■ Data supplied:
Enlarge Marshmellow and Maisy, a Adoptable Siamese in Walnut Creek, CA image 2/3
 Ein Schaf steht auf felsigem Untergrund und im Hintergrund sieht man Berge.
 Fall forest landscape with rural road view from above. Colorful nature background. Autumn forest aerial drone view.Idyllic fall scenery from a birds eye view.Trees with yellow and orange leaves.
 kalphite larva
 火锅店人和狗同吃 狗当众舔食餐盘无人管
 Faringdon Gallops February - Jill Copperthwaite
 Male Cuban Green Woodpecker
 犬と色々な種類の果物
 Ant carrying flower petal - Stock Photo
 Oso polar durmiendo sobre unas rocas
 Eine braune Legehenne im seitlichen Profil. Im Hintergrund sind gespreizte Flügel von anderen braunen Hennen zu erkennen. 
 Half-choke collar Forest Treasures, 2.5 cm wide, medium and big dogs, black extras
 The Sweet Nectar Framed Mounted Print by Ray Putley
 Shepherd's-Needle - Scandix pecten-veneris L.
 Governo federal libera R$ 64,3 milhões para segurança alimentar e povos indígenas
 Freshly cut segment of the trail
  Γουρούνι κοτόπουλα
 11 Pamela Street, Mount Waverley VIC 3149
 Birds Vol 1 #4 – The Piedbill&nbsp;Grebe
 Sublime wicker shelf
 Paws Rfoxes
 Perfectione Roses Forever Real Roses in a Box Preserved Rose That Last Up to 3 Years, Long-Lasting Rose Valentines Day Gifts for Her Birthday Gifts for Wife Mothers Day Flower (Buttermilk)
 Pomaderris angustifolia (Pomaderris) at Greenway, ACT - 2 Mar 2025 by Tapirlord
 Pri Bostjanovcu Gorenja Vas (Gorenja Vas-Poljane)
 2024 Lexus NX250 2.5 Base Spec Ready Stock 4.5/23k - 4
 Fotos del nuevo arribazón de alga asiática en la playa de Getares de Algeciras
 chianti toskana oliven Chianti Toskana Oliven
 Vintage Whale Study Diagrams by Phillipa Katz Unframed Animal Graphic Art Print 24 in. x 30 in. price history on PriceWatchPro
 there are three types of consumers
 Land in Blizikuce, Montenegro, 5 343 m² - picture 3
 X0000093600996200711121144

■ What you need to do:
Retype the listing from above, matching it exactly.

■ Solution to the exercise:
Enlarge Marshmellow and Maisy, a Adoptable Siamese in Walnut Creek, CA image 2/3
 Ein Schaf steht auf felsigem Untergrund und im Hintergrund sieht man Berge.
 Fall forest landscape with rural road view from above. Colorful nature background. Autumn forest aerial drone view.Idyllic fall scenery from a birds eye view.Trees with yellow and orange leaves.
 kalphite larva
 火锅店人和狗同吃 狗当众舔食餐盘无人管
 Faringdon Gallops February - Jill Copperthwaite
 Male Cuban Green Woodpecker
 犬と色々な種類の果物
 Ant carrying flower petal - Stock Photo
 Oso polar durmiendo sobre unas rocas
 Eine braune Legehenne im seitlichen Profil. Im Hintergrund sind gespreizte Flügel von anderen braunen Hennen zu erkennen. 
 Half-choke collar Forest Treasures, 2.5 cm wide, medium and big dogs, black extras
 The Sweet Nectar Framed Mounted Print by Ray Putley
 Shepherd's-Needle - Scandix pecten-veneris L.
 Governo federal libera R$ 64,3 milhões para segurança alimentar e povos indígenas
 Freshly cut segment of the trail
  Γουρούνι κοτόπουλα
 11 Pamela Street, Mount Waverley VIC 3149
 Birds Vol 1 #4 – The Piedbill&nbsp;Grebe
 Sublime wicker shelf
 Paws Rfoxes
 Perfectione Roses Forever Real Roses in a Box Preserved Rose That Last Up to 3 Years, Long-Lasting Rose Valentines Day Gifts for Her Birthday Gifts for Wife Mothers Day Flower (Buttermilk)
 Pomaderris angustifolia (Pomaderris) at Greenway, ACT - 2 Mar 2025 by Tapirlord
 Pri Bostjanovcu Gorenja Vas (Gorenja Vas-Poljane)
 2024 Lexus NX250 2.5 Base Spec Ready Stock 4.5/23k - 4
 Fotos del nuevo arribazón de alga asiática en la playa de Getares de Algeciras
 chianti toskana oliven Chianti Toskana Oliven
 Vintage Whale Study Diagrams by Phillipa Katz Unframed Animal Graphic Art Print 24 in. x 30 in. price history on PriceWatchPro
 there are three types of consumers
 Land in Blizikuce, Montenegro, 5 343 m² - picture 3
 X0000093600996200711121144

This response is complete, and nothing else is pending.